§ **TASK DESCRIPTION**:
When the line containing "Pier One Hombre" is reached, begin transcribing. Continue exactly through the final line of the listing, and return nothing else.

*** Begin section ***

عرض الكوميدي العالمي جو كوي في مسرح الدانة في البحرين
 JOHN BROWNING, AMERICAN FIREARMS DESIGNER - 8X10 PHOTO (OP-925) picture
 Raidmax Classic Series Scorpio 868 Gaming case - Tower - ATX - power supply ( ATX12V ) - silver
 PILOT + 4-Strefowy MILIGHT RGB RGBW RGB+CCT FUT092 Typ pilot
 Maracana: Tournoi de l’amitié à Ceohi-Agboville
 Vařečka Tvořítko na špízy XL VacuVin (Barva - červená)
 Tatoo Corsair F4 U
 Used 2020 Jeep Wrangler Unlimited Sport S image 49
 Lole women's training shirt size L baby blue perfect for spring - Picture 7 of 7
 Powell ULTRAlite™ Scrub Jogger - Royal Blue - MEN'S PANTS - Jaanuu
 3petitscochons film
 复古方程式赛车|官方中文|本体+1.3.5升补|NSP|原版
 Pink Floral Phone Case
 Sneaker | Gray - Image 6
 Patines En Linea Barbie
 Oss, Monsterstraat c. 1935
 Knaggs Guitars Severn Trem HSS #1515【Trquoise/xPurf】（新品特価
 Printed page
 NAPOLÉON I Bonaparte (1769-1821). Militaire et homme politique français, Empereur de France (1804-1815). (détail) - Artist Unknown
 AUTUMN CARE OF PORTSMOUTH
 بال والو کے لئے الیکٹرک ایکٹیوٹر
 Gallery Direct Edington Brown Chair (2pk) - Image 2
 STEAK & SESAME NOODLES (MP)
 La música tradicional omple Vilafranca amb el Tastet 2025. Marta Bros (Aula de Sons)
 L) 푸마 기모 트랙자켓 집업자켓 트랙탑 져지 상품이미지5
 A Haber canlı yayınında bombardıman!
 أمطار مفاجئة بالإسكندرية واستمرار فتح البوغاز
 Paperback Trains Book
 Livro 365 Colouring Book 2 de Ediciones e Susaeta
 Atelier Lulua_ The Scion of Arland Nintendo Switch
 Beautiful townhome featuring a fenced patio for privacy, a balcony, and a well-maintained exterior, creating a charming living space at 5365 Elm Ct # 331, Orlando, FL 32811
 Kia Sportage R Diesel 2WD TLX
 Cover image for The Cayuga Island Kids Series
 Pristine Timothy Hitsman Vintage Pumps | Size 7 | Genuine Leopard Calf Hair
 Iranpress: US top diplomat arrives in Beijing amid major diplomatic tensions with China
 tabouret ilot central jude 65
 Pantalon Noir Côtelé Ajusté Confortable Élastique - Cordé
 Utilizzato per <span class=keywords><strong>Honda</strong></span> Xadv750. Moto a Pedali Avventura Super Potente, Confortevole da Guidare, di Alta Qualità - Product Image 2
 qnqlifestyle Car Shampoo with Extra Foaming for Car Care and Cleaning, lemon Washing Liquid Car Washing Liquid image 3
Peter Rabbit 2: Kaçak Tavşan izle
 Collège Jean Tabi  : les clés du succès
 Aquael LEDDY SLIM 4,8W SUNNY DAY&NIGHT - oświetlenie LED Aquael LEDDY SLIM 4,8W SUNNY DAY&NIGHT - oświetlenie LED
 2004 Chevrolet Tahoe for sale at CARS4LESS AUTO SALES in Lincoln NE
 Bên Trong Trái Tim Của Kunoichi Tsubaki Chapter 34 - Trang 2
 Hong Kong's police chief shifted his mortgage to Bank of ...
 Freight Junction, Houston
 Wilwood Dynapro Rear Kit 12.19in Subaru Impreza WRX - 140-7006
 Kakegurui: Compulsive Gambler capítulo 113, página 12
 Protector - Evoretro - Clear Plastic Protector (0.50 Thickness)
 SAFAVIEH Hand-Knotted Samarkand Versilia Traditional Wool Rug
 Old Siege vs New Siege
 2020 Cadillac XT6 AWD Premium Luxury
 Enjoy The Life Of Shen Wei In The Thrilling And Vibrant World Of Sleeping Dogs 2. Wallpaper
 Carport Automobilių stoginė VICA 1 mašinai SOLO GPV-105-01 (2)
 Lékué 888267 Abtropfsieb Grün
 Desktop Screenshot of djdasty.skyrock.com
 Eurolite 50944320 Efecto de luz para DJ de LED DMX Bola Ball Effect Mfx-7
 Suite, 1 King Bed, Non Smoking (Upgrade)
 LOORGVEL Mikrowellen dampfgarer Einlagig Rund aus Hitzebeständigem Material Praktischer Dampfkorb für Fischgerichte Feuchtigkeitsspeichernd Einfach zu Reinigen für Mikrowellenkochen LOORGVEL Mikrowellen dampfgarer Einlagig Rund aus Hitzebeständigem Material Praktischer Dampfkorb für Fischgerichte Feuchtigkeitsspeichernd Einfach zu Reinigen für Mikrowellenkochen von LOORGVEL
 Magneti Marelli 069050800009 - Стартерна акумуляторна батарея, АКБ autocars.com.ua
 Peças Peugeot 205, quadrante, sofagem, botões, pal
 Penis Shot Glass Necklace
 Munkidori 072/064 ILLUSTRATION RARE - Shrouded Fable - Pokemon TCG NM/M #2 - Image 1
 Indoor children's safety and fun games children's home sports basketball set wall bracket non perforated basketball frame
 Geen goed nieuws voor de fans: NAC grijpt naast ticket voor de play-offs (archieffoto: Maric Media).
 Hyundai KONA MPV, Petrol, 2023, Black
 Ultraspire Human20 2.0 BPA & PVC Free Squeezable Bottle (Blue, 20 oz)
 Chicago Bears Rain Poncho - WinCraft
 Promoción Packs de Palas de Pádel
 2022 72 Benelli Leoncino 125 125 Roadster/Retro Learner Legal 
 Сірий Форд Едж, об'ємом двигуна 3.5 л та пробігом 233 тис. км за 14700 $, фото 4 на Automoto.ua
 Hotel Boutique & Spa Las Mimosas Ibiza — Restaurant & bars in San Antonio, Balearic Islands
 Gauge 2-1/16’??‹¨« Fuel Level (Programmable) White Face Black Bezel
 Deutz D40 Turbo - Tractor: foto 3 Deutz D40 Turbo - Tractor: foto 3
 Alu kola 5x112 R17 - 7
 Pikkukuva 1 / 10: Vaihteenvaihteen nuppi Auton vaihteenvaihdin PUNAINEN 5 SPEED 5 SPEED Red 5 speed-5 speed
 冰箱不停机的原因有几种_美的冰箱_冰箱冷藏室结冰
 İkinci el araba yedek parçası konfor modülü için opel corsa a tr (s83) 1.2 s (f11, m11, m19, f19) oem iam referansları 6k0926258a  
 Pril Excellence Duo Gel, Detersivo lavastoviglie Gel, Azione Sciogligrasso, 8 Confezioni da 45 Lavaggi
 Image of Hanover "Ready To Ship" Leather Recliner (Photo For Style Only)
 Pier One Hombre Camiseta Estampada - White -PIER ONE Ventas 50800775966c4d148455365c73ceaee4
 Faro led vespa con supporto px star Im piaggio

*** End section ***

§ **ANSWER BELOW**:
 Pier One Hombre Camiseta Estampada - White -PIER ONE Ventas 50800775966c4d148455365c73ceaee4
 Faro led vespa con supporto px star Im piaggio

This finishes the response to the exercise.